- [What is expected]
Only the lines below from the one that holds "Riders compete in" through the one that holds "Poster Snow blowing" should appear in the answer, copied exactly, end lines included and pictures omitted.

== Data records ==

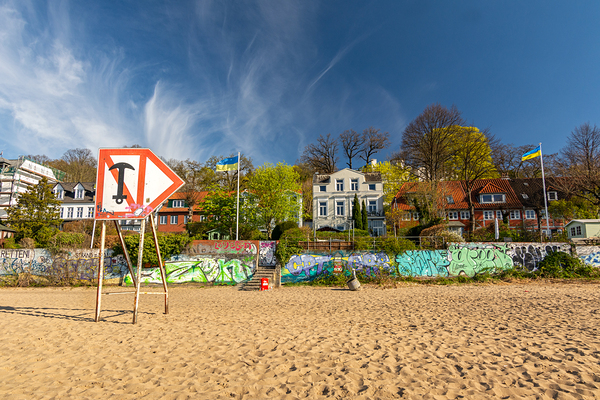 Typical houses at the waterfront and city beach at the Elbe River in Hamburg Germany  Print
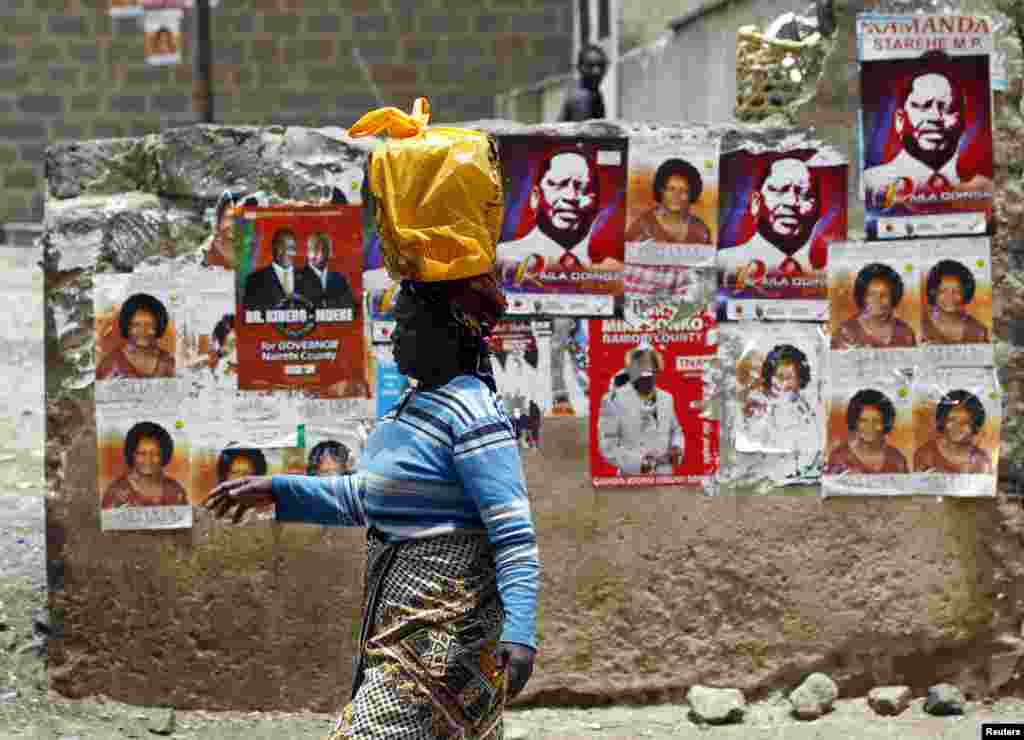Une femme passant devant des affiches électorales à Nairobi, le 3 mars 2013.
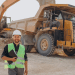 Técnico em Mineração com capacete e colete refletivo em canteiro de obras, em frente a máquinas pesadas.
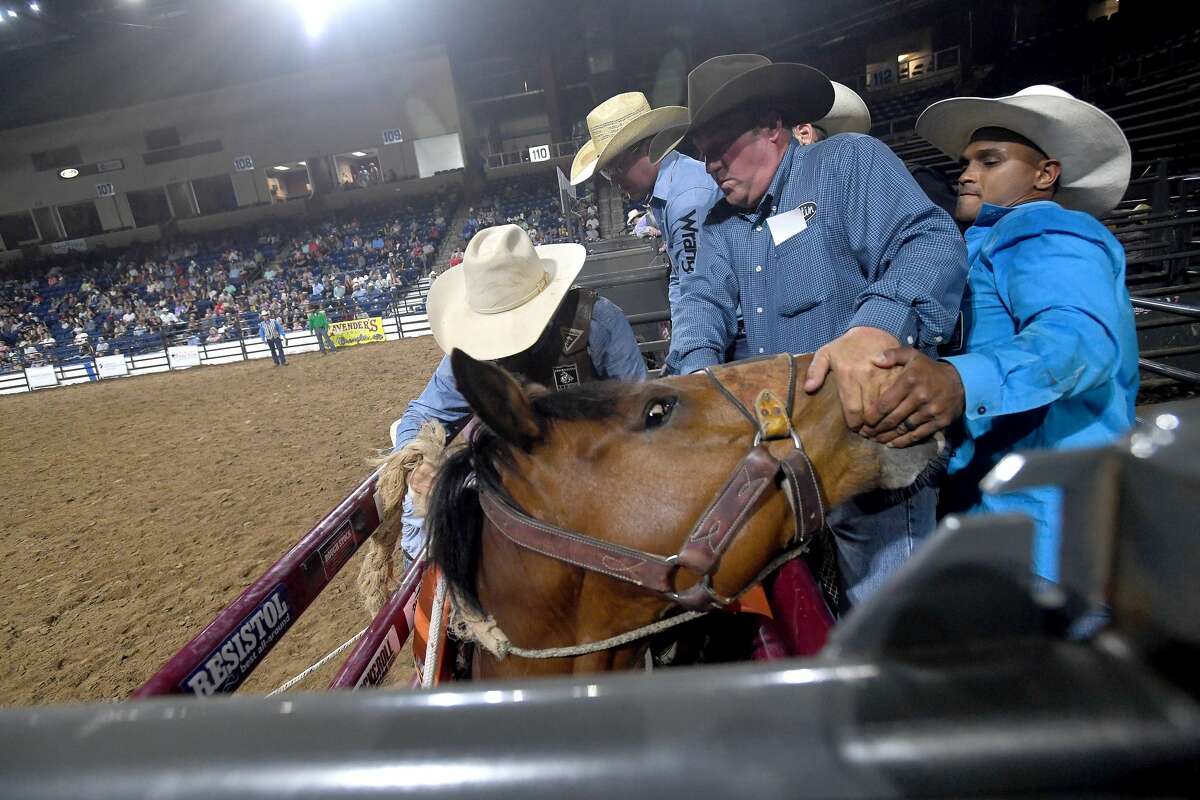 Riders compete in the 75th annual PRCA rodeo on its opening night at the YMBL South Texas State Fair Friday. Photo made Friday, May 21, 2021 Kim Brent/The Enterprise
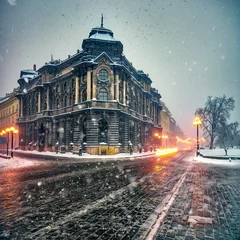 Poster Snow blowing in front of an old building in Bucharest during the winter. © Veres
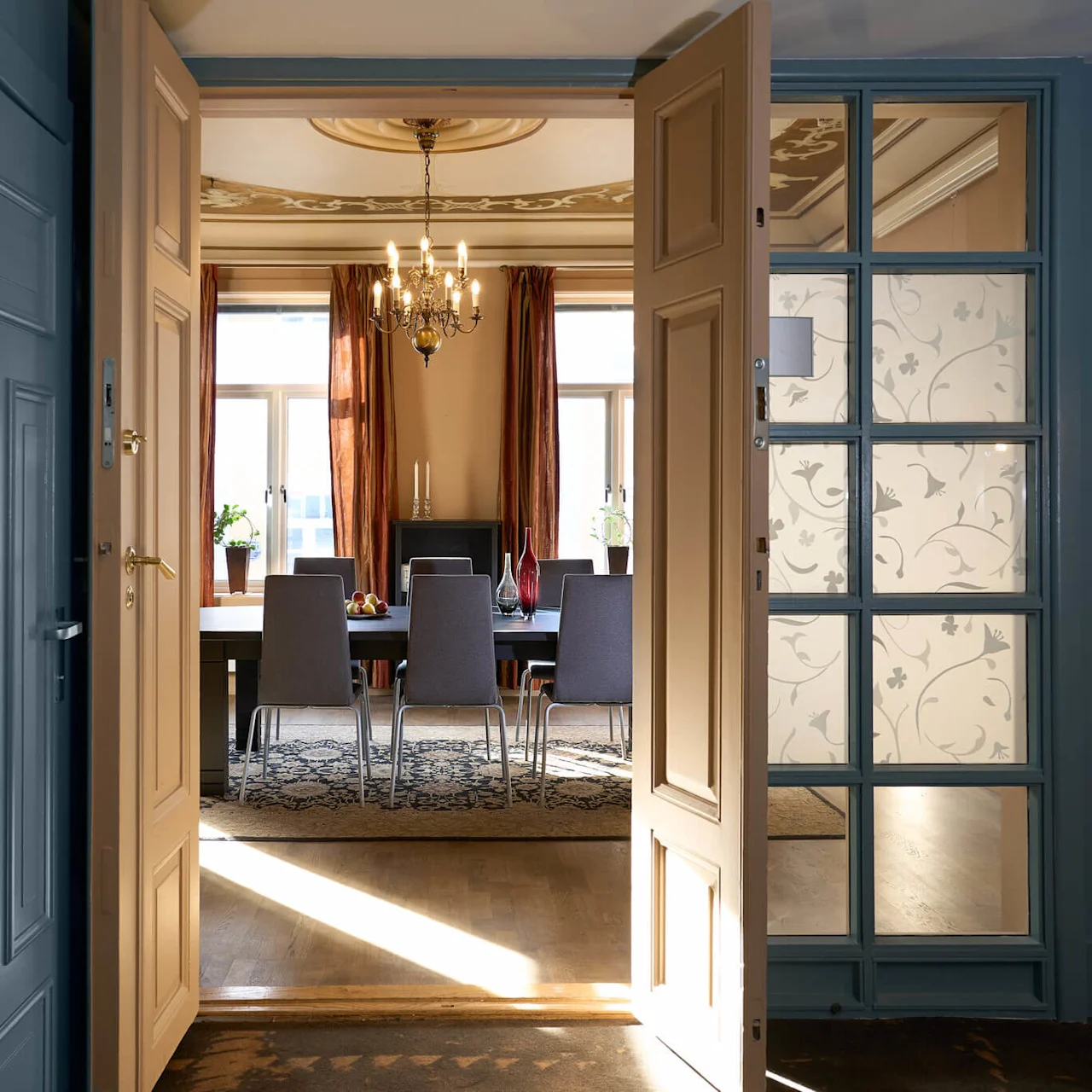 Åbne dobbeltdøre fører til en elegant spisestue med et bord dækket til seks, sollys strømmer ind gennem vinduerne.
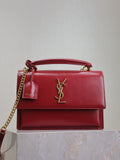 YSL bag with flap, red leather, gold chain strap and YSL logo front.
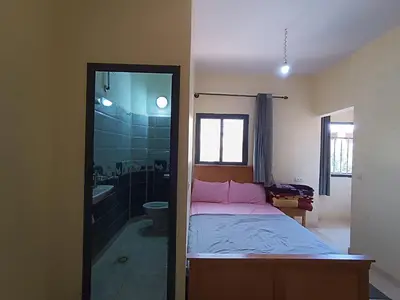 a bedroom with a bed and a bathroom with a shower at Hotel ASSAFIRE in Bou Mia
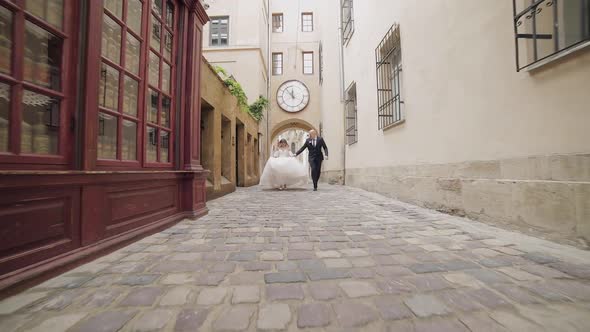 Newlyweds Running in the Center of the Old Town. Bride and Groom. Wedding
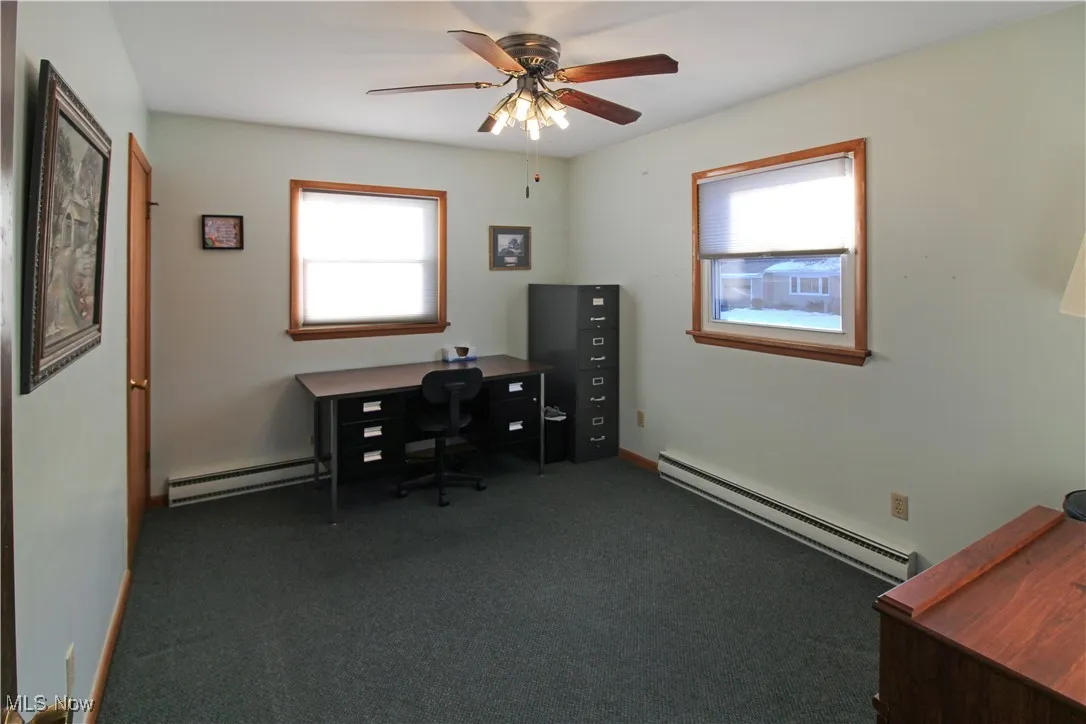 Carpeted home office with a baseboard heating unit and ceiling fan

===

- [Response]
 Riders compete in the 75th annual PRCA rodeo on its opening night at the YMBL South Texas State Fair Friday. Photo made Friday, May 21, 2021 Kim Brent/The Enterprise
 Poster Snow blowing in front of an old building in Bucharest during the winter. © Veres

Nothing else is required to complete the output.